L'association Jeunesse Accompagnement social Activités adultes et citoyenneté

L'identité en question // philosophie

REFLEXION DU GROUPE PHILO : L'IDENTITÉ

 

« Quand on croit atteindre l’identité, on la trouve pulvérisée. »

Lévi-Strauss

 

C’est pourtant à cette notion difficile et très polémique que nous avons décidé de nous confronter !

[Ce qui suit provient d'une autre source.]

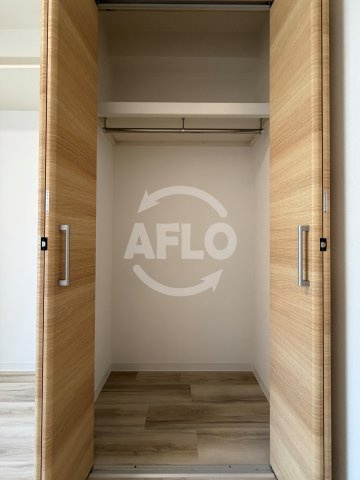 フロンティアコート堺筋本町の収納|ノーブルコート堺筋本町　クローゼット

Que signifie être le même ?  Être ressemblant à s’y méprendre à un autre ou rester soi tout au long de son existence ? Deux sens se dégagent à partir de ces questions : si nous recherchons ce que l’on partage avec d’autres (langue, couleur de peau, goûts…) on parlera d’identité qualitative.Si nous pensons à ce qui fait qu’un individu reste identique à lui-même, on évoquera l’identité numérique. Dans ce cas, on veut désigner l’unicité d’un être, ce qui le rend différent de tous les autres, unique. Il faudrait ajouter l’identité spécifique qui veut dire l’appartenance à une même espèce. Ainsi, pour être cet homme, Socrate par exemple, il faut être un homme. Deux choses peuvent donc être très ressemblantes, au point qu’on les confonde, elles n’en restent pas moins numériquement différentes puisqu’elles sont deux. Il en est de même pour deux jumeaux monozygotes (du même œuf) qui peuvent paraître parfaitement semblables mais qui parce qu’ils sont jumeaux n’existent pas un, mais encore une fois, deux.

Mais dirons-nous, un enfant qui grandit, un chêne qui perd ses feuilles en automne, une fleur d’abord en bouton et qui va éclore, dirons-nous qu’ils restent les mêmes et si oui, en quel sens ? Derrière ces exemples surgit une question que nous nous posons parfois : suis-je le même qu’hier et serai-je la même personne plus tard ? Qu’est-ce qui m’assure de cette permanence ? Dit autrement, l’identité est-elle incompatible avec le changement et devons-nous la comprendre en la faisant coïncider avec l’immuabilité, le fait de rester toujours le même à travers le temps ? D’où le lien étroit qui relie l’identité et l’existence car avant d’être tel ou tel, il faut d’abord être.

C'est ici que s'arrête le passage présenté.